Installing the scientific Python stack is not the most obvious task in a scientist's routine. This is especially annoying for automated deployments such as for continuous integration testing. I present here a short way to deploy Travis CI testing for a small library that depends only on NumPy.

The goal

I developed a small library that relies only on Python and NumPy, as a design requirement. I wanted a simple pip-based deployment of my Python package testing via continuous integration, including the version of NumPy of my choice and with no rebuild of NumPy.

I started by performing the tests on my machines, simply issuing python -m pytest when changing the code. This is a limitation, mostly because I am limited to a few Python/NumPy versions.

How to set up Travis

Travis has instructions and support for Python-based projects. The typical "SciPy stack" is not covered (except for one version of NumPy that ships with their images), so most Python-based scientific software downloads Anaconda or Miniconda as part of their continuous integration testing, getting access to plently of binary packages.

I have no specific argument against the conda solution apart that it is a large dependency in terms of download size, and that I believe "plain pip" is the most general solution for Python and I like to stick to it.

So, I set up Travis with a test matrix for Python 2.7, 3.5 and 3.6. I wanted to test several NumPy versions as well. I couldn't find a lightweight solution (i.e. a nice sample .travis.yml file) as most projects use (ana/mini)conda. Since the arrival of manylinux wheels, it is actually easy to rely on "plain pip" to install NumPy on Travis. Make sure to update pip itself first and to install "wheels" as well.
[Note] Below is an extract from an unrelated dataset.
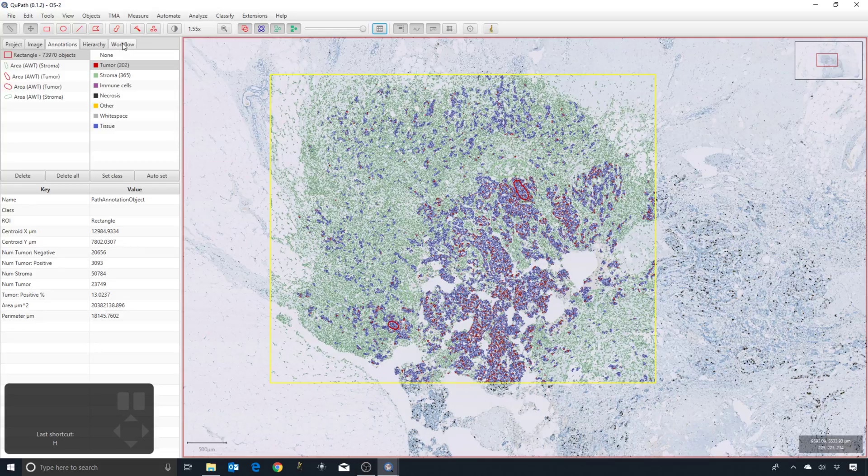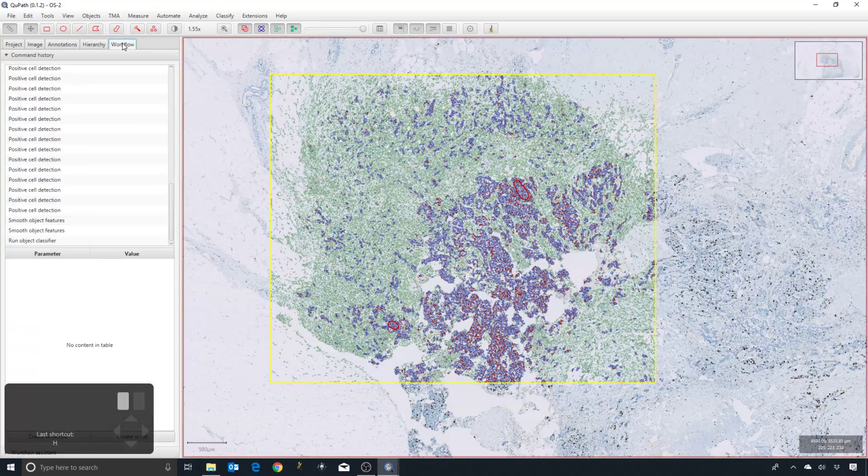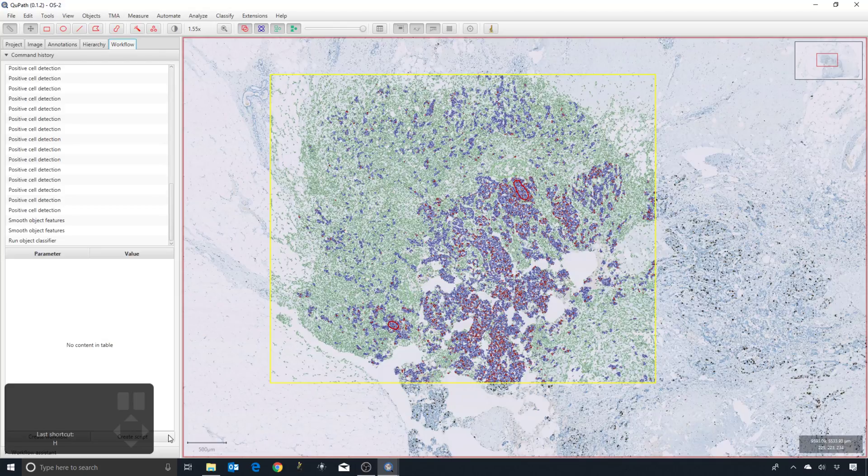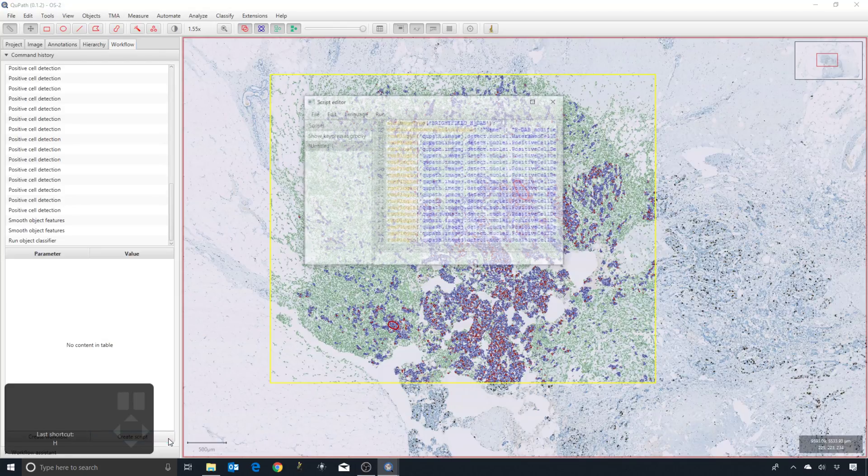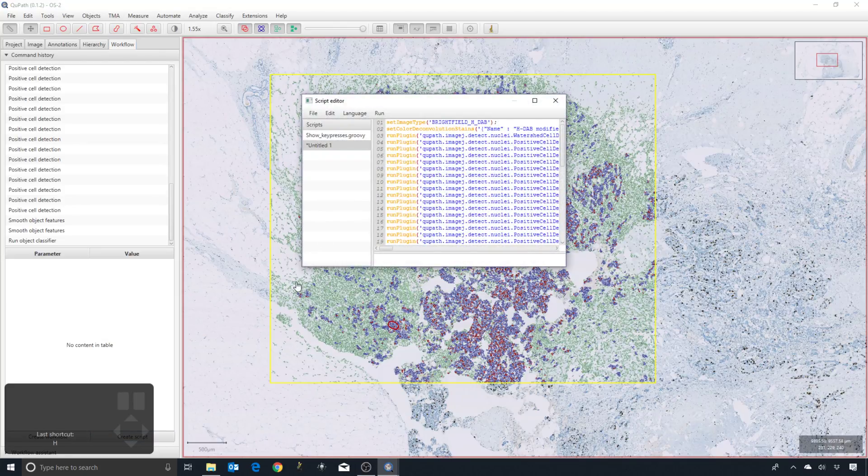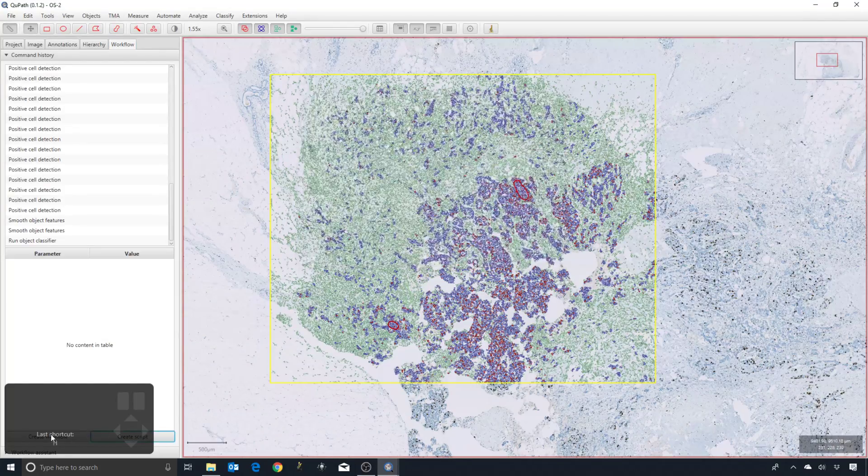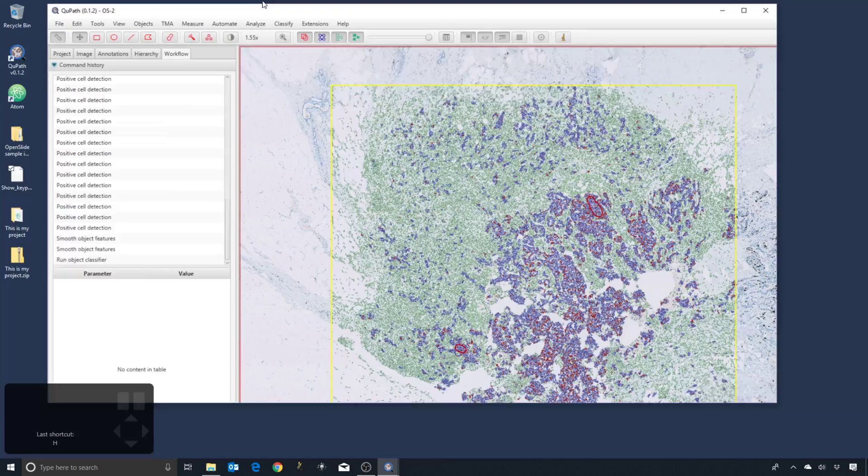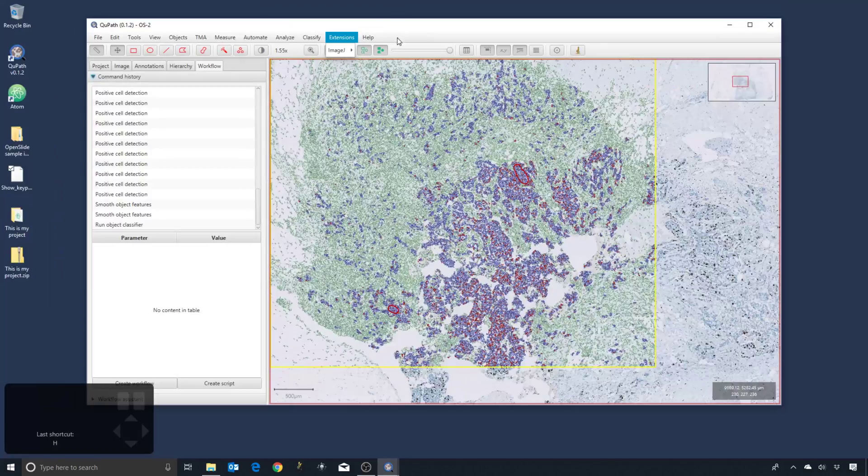So down at the bottom there is a button 'Create Script' and beside it there is a button 'Create Workflow'. I'm going to have to move my window so that you can see it.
The timing of the build on travis is between 30 and 80s, so there is obviously no build of NumPy occurring there and this is a reasonable use of resources.

In the example, I exclude NumPy 1.11.0 from the Python 3.6 test because there are no "Python 3.6 NumPy 1.11.0" manylinux wheels.

language: python

python:
 - 2.7
 - 3.5
 - 3.6

env:
  - NUMPY_VERSION=1.11.0
  - NUMPY_VERSION=1.12.1
  - NUMPY_VERSION=1.14.0

matrix:
  exclude:
    - python: 3.6
      env: NUMPY_VERSION=1.11.0

script:
  - virtualenv --python=python venv
  - source venv/bin/activate
  - python -m pip install -U pip
  - pip install -U wheel
  - pip install numpy==$NUMPY_VERSION
  - pip install pytest
  - python setup.py build
  - python -m pytest

Ending

I hope that this solution will be useful to others. If you want to see the repository itself, it is here (with a badge to the travis-ci builds).

The resulting .travis.yml file is really short, which is (in my opinion) a benefit. As SciPy also provides manylinux wheels, this is really a powerful and easy way to deploy. Any scientific package that depends on NumPy/SciPy can use it and add a build of the compiled package with, for instance, an extra dependency on GCC or Cython.